|Oscar Darwinism: Survival to the fittest!|
There's been a spewing of vitriol in the face of The King's Speech on the online corners of movie mania, and all of that seems not only a tad unfair, but even more it seems like even the less than flattering publicity that surrounds the blogosphere in only helping it's profile. Claims of the films hero, King George XI having had real life Nazi allegiances is one of the more tacky smear campaigns out there, so tacky, I'll bet Weinstein himself planted the story; that's mere sarcasm, I ensure. However, there's a point there-- remember in 2002 there were very real claims of the real life hero of the eventual Best Picture champ A Beautiful Mind having anti-Semitic affiliations as well, perhaps to serve a bit to the emotions of a known large Jewish contingent in the Academy. Of course, none of this should matter; The King's Speech is a personal journey about a man (in this case a man who would become a king) overcoming obstacles and challenges. Certainly moving and playing up the crowd-pleasing nervous system heart of the Academy. Claims have also been made that this is simply too much of an old school type of film; that this isn't a 'zeitgeist' movie, a movie of the now that says something about contemporary society. And that honoring a film like this would possibly feel like a setback to the Academy of new which in the last four years appears to gone outside it's regular wheelhouse-- The Departed (2006), No Country for Old Men (2007), Slumdog Millionaire (2008) and The Hurt Locker (2009) were all Best Picture that appear to suggest a slight shift in Academy taste, however that argument can be and will be debated till the end of the time.
Of course the other story is one the other frontrunner-- I find it odd in a field of ten, we've still managed to really only care about one or two movies a year (last year: The Hurt Locker and Avatar, there rest: immediate also-rans) which is The Social Network, and there's a fair of media spewing on that on as well. It all started when it came out with a bang and was being touted as, "the movie of a generation." It's hard, and mighty difficult to sustain that sort of initial reaction for the long haul, it was bound to be called overrated eventually, and throughout the critics awards season, one could read the writings on the wall and suggest that once the critics weighed in, The Social Network would have a slightly more chilly reception.
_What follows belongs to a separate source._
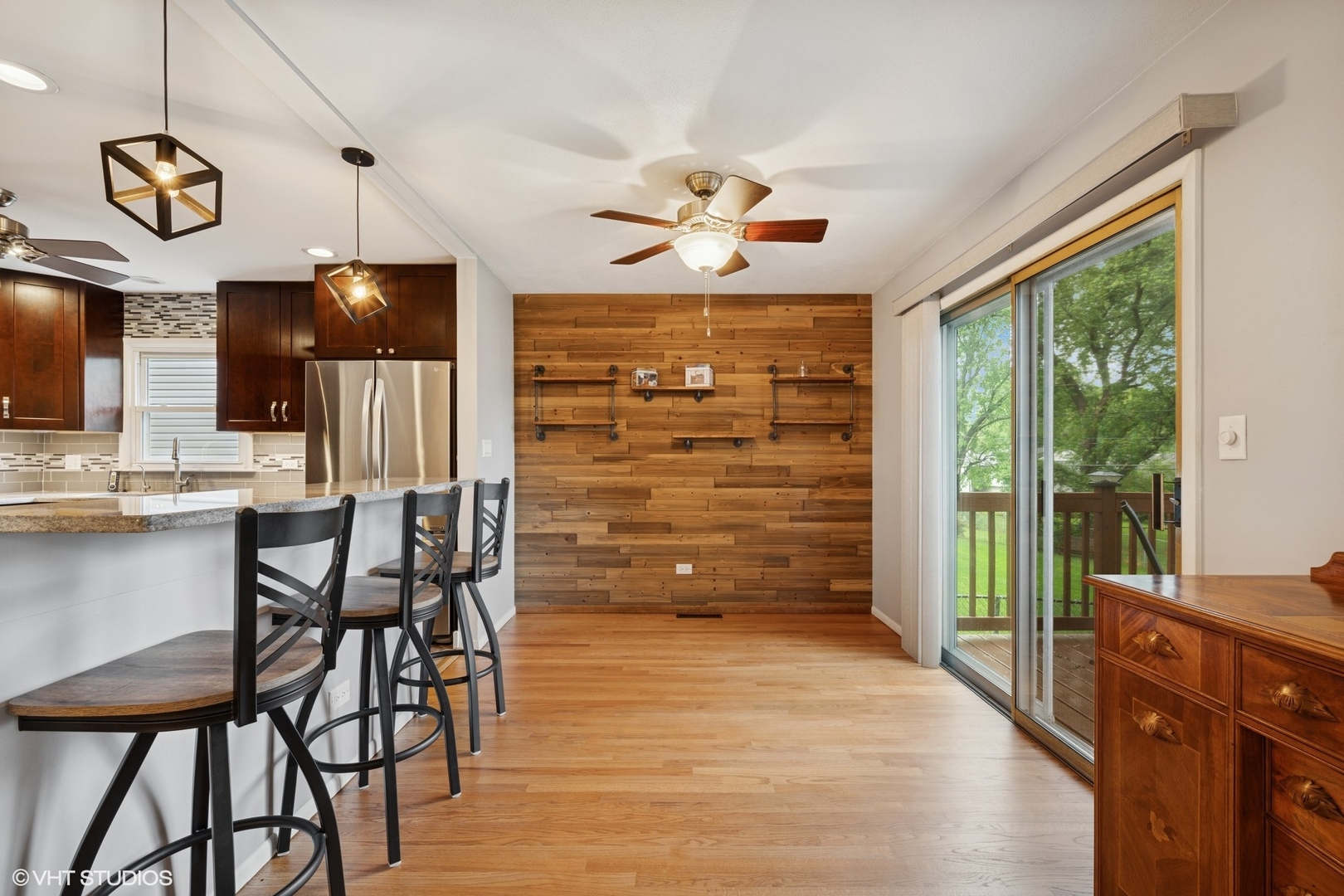 109 Chestnut Lane Wheeling, IL 60090 - Photo 7 of 21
That's what happens when a film with an anti-establishment vibe enters the establishment. Contention between the claims of the movie, as well as the real-life Facebook peeps have provided juicy back-and-forth controversy for months-- for now it appears the filmmakers and Mr. Zuckerberg (aka Time's Man of the Year) are willing to play nice; witness his cameo on last week's Saturday Night Live with Jesse Eisenberg.
I feel removed enough at this point in time, and to put my predictive cap on for a second I think picture will be The King's Speech, while The Social Network will win direction for David Fincher. Either way, I'm already kind of over it. I feel that The King's Speech will remain a favorite for years to come, becoming a second-tier classic of sorts, and a favorite with actors who I can already sense will go to auditions with David Seidler's writing, while The Social Network will likely be studied and provoked by film classes to the end of time. Either way, that's a pretty good legacy for both, and don't fear that this years result will be quite the scandal of 1941's How Green Was Your Valley and it's insane upset of Citizen Kane.
What I object too is this best picture top ten madness, which will hopefully die this year. With the weighted ballot, I fear eventual integrity will be lost with the Academy. The idea now that members could actively vote against something seems counterproductive and gross. Vote for the best of the year in filmmaking, that should be all, not to slime the competition.